I am an Assistant Professor of Mathematics & Statistics and Computing & Data Sciences at Boston University. My formal bio has more details about my background.
My group’s research lies at the intersection of statistics and machine learning, with a focus on developing methods that are mathematically principled, scalable, and useful in practice. A central theme is that uncertainty quantification should remain trustworthy even when models are imperfect and inference is approximate — challenges that are especially acute in scientific applications involving heterogeneous data, latent structure, and substantial computational constraints. Our work spans four interconnected areas: (1) scalable generalized Bayesian learning, including theory and methods for robust, reproducible inference under model misspecification; (2) automation and validation of posterior approximation algorithms; (3) discovery of interpretable latent structure in complex scientific data; and (4) large-scale data assimilation and forecasting. Current applied work is focused on developing computational methods and software tools for large-scale ecological and Earth science forecasting and for scientific discovery from high-throughput genomic data. Increasingly, these efforts are also motivating a systems-oriented direction aimed at making end-to-end probabilistic workflows more scalable, transparent, and reproducible.

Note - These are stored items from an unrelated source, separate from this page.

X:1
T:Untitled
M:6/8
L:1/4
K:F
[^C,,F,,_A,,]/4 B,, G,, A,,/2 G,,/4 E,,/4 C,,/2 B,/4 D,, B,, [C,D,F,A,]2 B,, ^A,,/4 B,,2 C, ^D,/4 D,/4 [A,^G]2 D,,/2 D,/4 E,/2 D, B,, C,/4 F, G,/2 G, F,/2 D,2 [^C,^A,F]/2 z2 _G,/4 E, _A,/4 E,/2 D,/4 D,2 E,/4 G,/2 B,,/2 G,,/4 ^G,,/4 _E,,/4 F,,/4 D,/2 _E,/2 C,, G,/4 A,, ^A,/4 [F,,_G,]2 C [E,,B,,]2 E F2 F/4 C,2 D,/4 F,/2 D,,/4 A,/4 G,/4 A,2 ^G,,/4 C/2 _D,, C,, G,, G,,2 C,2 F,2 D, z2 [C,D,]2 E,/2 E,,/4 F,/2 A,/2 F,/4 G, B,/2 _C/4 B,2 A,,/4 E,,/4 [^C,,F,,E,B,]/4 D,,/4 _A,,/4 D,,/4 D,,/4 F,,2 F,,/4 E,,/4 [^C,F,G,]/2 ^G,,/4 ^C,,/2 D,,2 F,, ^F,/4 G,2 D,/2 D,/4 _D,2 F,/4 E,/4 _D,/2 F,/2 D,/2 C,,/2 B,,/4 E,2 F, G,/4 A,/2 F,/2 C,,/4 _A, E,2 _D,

If you are currently enrolled in, or accepted to, a BU graduate program, feel free to reach out to me about research opportunities. I advise PhD students in Statistics and Computing & Data Sciences. I am not able to reply to all inquiries from students who are at other universities or are applying to BU graduate programs.
Ph.D. in Computer Science, 2018
Massachusetts Institute of Technology
B.A. in Mathematics, 2012
Columbia University
Stochastic Methods for Data Science: An in-progress book that provides an introduction to the interplay between stochastic process theory and algorithms in data science, with a focus (large-scale) stochastic optimization and Markov chain Monte Carlo. It is designed to be accessible to advanced undergraduates, graduate students, and researchers working in machine learning, statistics, and related fields.
VIABEL: A Python package that provides two core features:
Easy-to-use, lightweight, flexible variational inference algorithms that are agnostic to how the model is constructed (just provide a log density and its gradient).
Post hoc diagnostics for the accuracy of continuous approximations to (unnormalized) distributions. A canonical application is to diagnose the accuracy of variational approximations.
ShorTeX: A LaTeX package that aims to streamline LaTeX writing, particularly math. It automatically includes and configures commons packages, and provides functionality to, among other things, (1) make LaTeX math code shorter and more readable, (2) avoid the verbose commands and boilerplate common in LaTeX, and (3) avoid multi-key presses (curly braces, capital letters, etc.) where reasonable. It is being developed by myself, Trevor Campbell, and Jeffrey Negrea.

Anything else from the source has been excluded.